Saved entries:

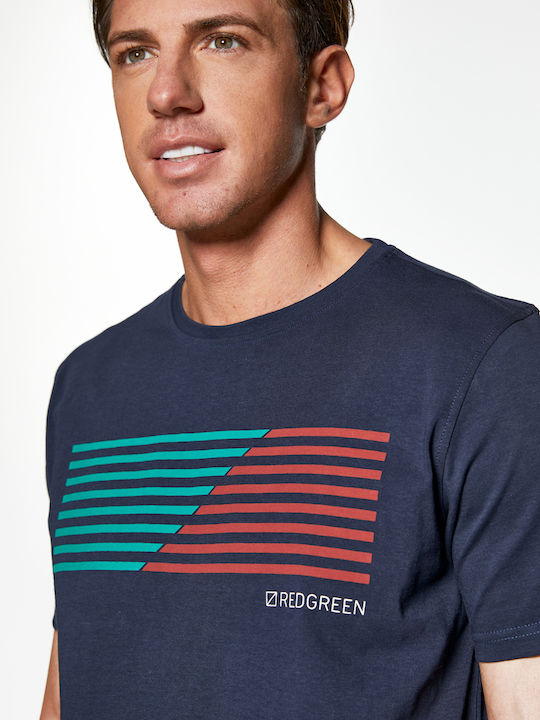 RedGreen T-shirt με Τύπωμα Color Lines - Μπλε Navy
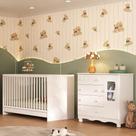 Berço 3 Em 1 Para Colchão 130x60cm Com Cômoda 1 Porta 4 Gavetas Luna Multimóveis MP4742 Branco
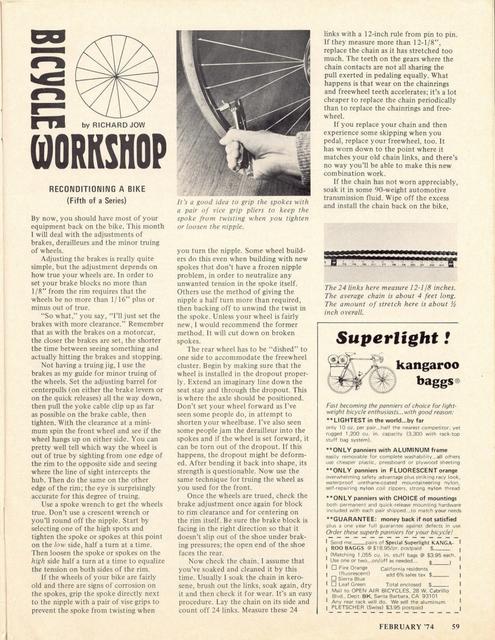 <------ Bicycling Magazine 02-1974 ------> Reconditioning A Bike - Part 5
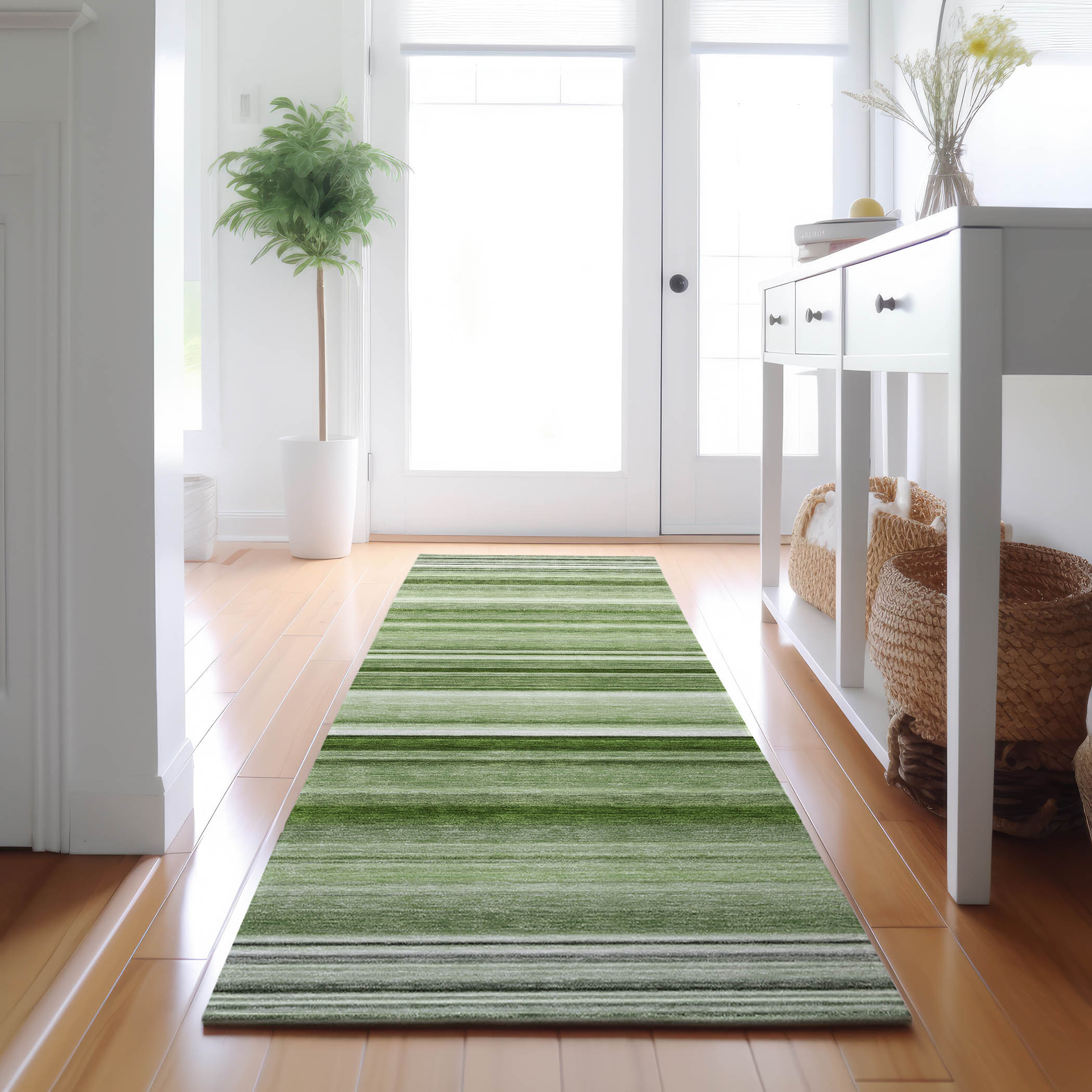 Addison Rugs AMF528GE3X5 Mayfield AMF528GE 3 x 5 (ft) Loomed Polyester Green Rectangular Indoor Abstract Machine washable Area rug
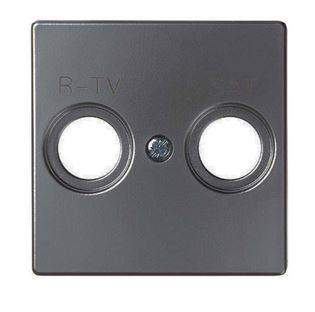 Simon S82 Concept Матовый титан, Накладка для розетки R-TV+SAT с пиктограммой "R-TV SAT" 8200097-096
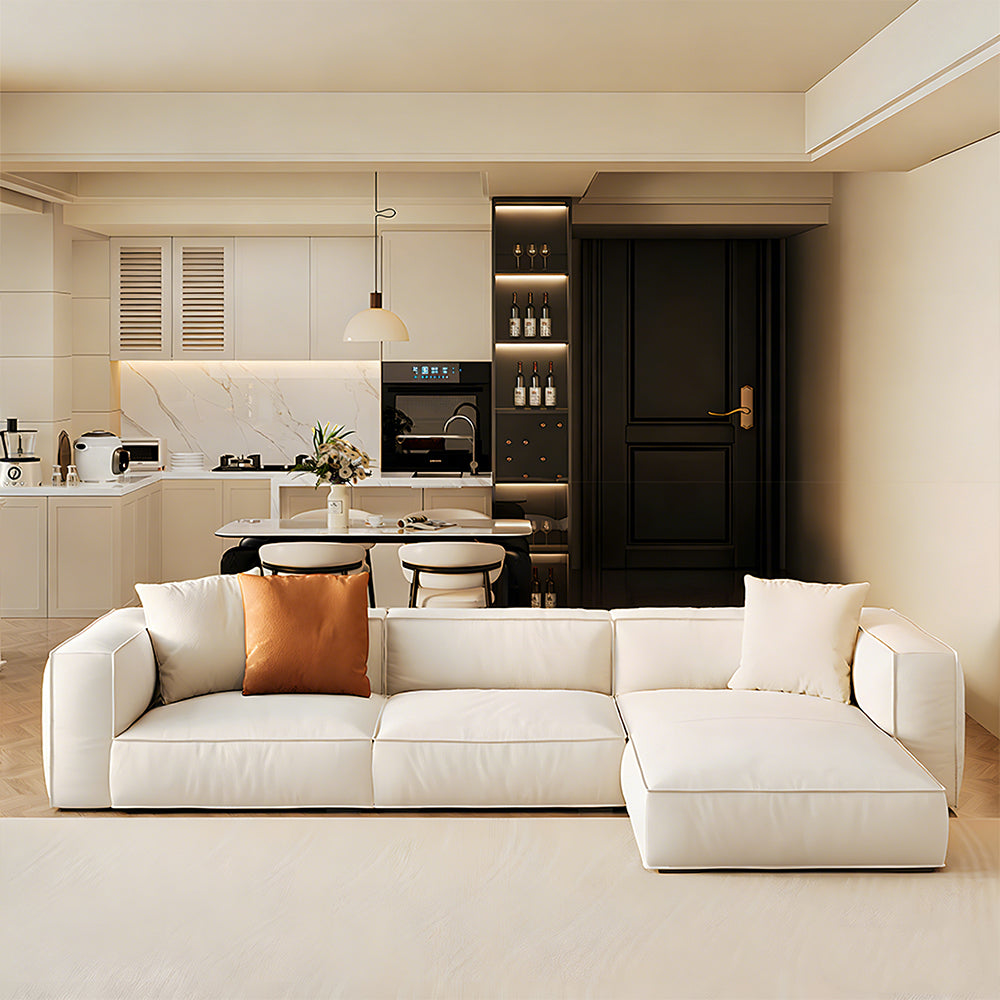 Modern Double-Sided Sectional Sofa in Skin-Friendly Cat-Scratch Fabric with Latex Support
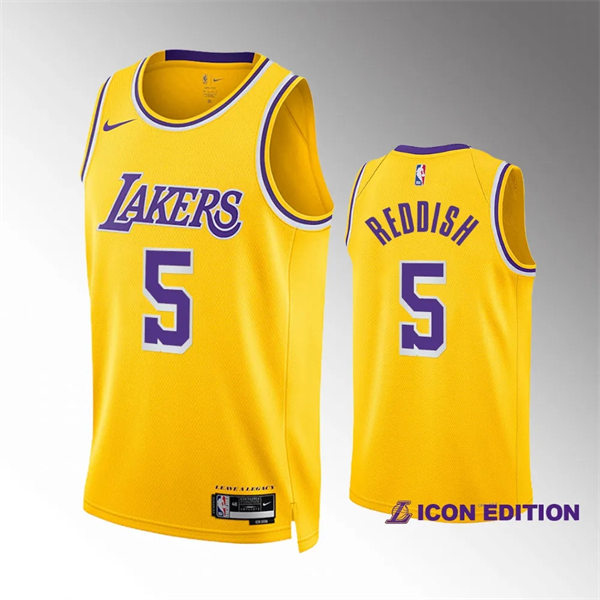Mens Los Angeles Lakers #5 Cam Reddish Gold Icon Edition Jersey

## YOUR GOAL
Reproduce, word for word, every line from the one that contains "<------ Bicycling Magazine" to the end of the data, including both ends; omit all pictures.

## RESPONSE TO THE TASK
 <------ Bicycling Magazine 02-1974 ------> Reconditioning A Bike - Part 5
 Addison Rugs AMF528GE3X5 Mayfield AMF528GE 3 x 5 (ft) Loomed Polyester Green Rectangular Indoor Abstract Machine washable Area rug
 Simon S82 Concept Матовый титан, Накладка для розетки R-TV+SAT с пиктограммой "R-TV SAT" 8200097-096
 Modern Double-Sided Sectional Sofa in Skin-Friendly Cat-Scratch Fabric with Latex Support
Mens Los Angeles Lakers #5 Cam Reddish Gold Icon Edition Jersey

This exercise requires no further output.